**WORK TASK:**
In the entries that follow, the line with "SW Florida Luxury Home" opens the range and the line with "Jurnalistlər Putin və" closes it; repeat that range exactly, both lines included.

**DATA PROVIDED:**
------------------------------

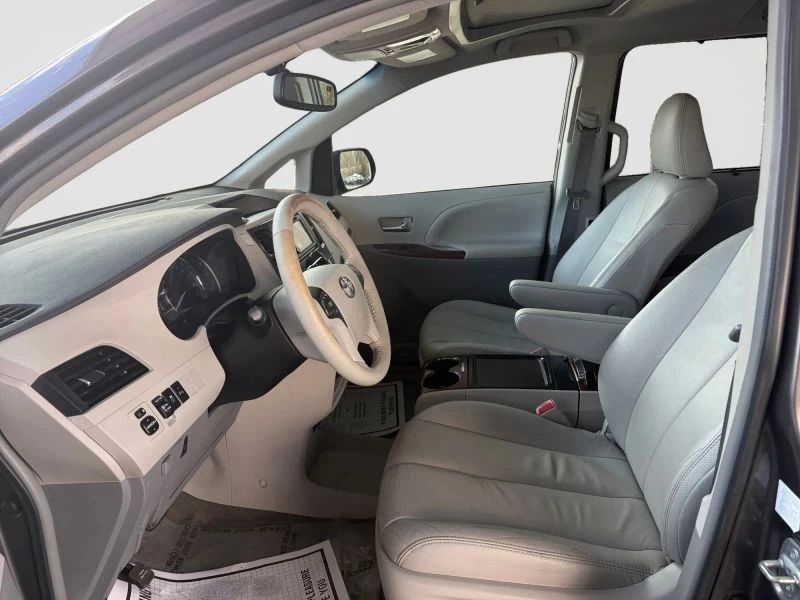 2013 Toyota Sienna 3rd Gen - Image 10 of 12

------------------------------

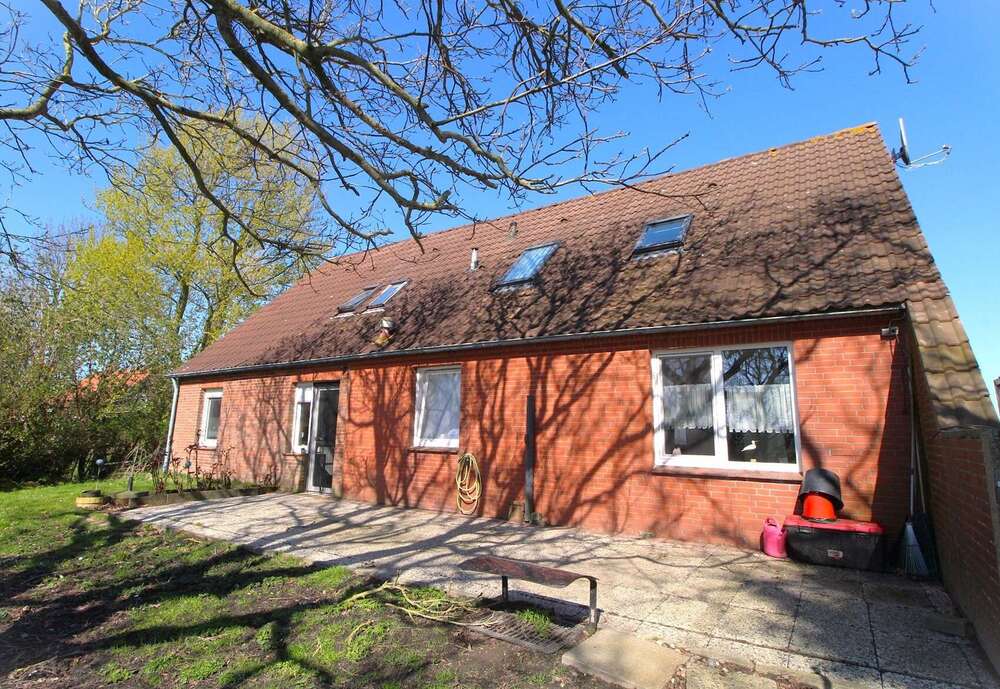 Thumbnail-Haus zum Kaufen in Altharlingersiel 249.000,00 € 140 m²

------------------------------

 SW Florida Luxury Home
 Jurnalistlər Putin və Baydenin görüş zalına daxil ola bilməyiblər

------------------------------

**TASK OUTPUT:**
 SW Florida Luxury Home
 Jurnalistlər Putin və Baydenin görüş zalına daxil ola bilməyiblər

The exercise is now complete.